**THE PROBLEM**
Could you output the listing that follows exactly, without its images?

**SOURCE DATA**
########

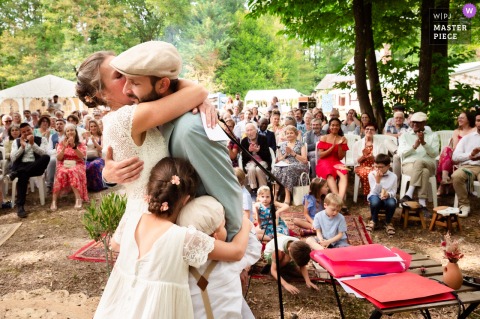 After Outdoor Ceremonies At La Bois Des Anglais, France, The Couple Share A Loving Hug As Their Day Ends. After the outdoor ceremony celebration at La Bois des Anglais, France, the bride and groom share a meaningful final hug, surrounded by loved ones as their wedding day draws to a close.
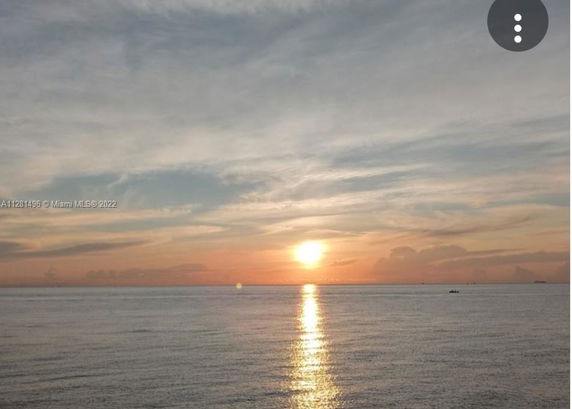 Panoramic view of a sunset over the ocean with a colorful sky.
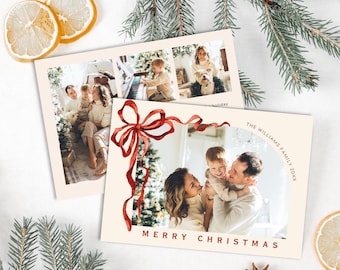 Könnte beinhalten: Zwei Weihnachtskarten mit Familienfotos. Eine Karte zeigt ein Aquarell-Rot-Schleifen-Design und die Worte "Merry Christmas". Die andere Karte hat drei Familienfotos. Die Karten liegen auf einer weißen Oberfläche mit Kiefern- und Zitronenscheiben.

########

**OUTPUT FOR THIS TASK**
 After Outdoor Ceremonies At La Bois Des Anglais, France, The Couple Share A Loving Hug As Their Day Ends. After the outdoor ceremony celebration at La Bois des Anglais, France, the bride and groom share a meaningful final hug, surrounded by loved ones as their wedding day draws to a close.
 Panoramic view of a sunset over the ocean with a colorful sky.
 Könnte beinhalten: Zwei Weihnachtskarten mit Familienfotos. Eine Karte zeigt ein Aquarell-Rot-Schleifen-Design und die Worte "Merry Christmas". Die andere Karte hat drei Familienfotos. Die Karten liegen auf einer weißen Oberfläche mit Kiefern- und Zitronenscheiben.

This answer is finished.